Benchmark analyst Mark Palmer, who has a Buy on the stock, praised the company’s move.

“While Strategy’s various issues of perpetual preferred stock may seem expensive to the company based on their dividend rates in the 8-10% context, the issuance of these hybrid instruments is ultimately less expensive to the company than common equity in terms of its cost of capital,” he wrote Barron’s in an email.

“Strategy is seeking to avoid diluting equity holders except in cases in which doing so is highly accretive, and perpetual preferreds have the benefit of no fixed maturity,” he wrote. Palmer added that it is likely that preferred stock issuance dividend costs will drop as investors get more comfortable with the securities.

Saylor has highlighted that point, arguing the company’s new variable-rate preferred, called STRC, could ultimately carry lower yields than the current 9%-plus.

Barron’s wrote critically on MicroStrategy in late 2024, arguing investors were paying too high a premium to access Bitcoin through the stock and that Bitcoin ETFs such as the iShares Bitcoin Trust are a better play for crypto investors.
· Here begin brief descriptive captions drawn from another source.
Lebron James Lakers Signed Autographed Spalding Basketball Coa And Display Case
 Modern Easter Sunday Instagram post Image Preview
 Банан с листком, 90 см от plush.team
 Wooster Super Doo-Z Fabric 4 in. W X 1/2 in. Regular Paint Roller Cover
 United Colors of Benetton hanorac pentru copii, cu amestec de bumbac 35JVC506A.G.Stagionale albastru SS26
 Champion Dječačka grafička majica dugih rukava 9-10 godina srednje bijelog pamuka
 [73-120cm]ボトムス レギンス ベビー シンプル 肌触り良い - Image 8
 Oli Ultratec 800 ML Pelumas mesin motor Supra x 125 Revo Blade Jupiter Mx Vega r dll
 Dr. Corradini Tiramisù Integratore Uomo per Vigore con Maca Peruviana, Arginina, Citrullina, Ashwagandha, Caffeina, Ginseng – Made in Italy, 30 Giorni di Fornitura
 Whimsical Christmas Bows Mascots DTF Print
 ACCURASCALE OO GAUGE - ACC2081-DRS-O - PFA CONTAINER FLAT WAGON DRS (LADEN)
Since then, the ETFs have outperformed as the premium has contracted on the MicroStrategy stock from about two times the value of Bitcoin. Until about two years ago, MicroStrategy stock often traded around parity to its Bitcoin holdings.

Unless MicroStrategy stock rallies sharply, the company may be buying less Bitcoin in the coming weeks and months than earlier this year and that prospect may be dampening the stock. It may be hard to get investors to pay 2.5 times the value of the company’s Bitcoin stake when they can buy ETFs at parity.